| Work to be completed |
From the records below, please repeat exactly the line that has "Used 2020 Cadillac", the line that has "Serene Villas Seminyak", and every line between them, and nothing else.

| The data |
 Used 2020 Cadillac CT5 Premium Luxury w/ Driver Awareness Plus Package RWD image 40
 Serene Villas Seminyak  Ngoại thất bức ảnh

* * *

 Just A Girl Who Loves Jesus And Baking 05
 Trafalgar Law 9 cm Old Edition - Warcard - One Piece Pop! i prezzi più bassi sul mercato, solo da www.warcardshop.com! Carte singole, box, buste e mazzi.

---

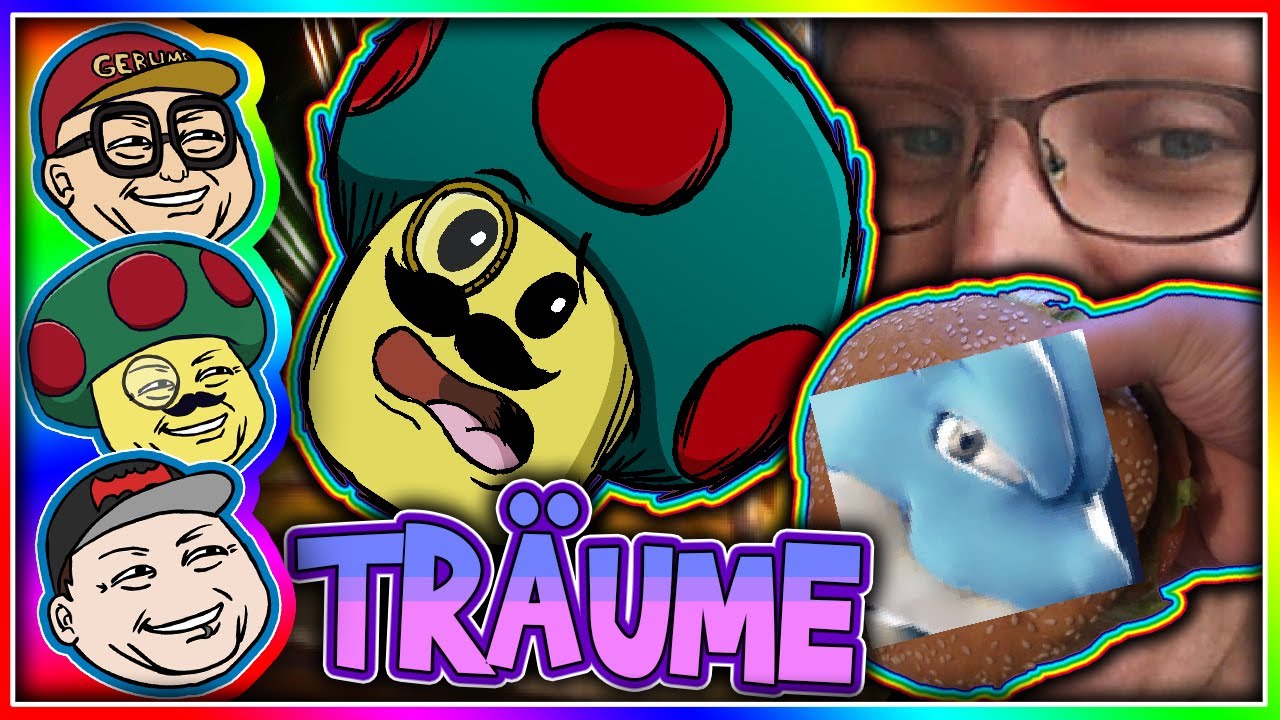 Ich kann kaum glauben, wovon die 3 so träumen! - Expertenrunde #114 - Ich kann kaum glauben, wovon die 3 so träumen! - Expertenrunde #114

| Answer to this exercise |
 Used 2020 Cadillac CT5 Premium Luxury w/ Driver Awareness Plus Package RWD image 40
 Serene Villas Seminyak  Ngoại thất bức ảnh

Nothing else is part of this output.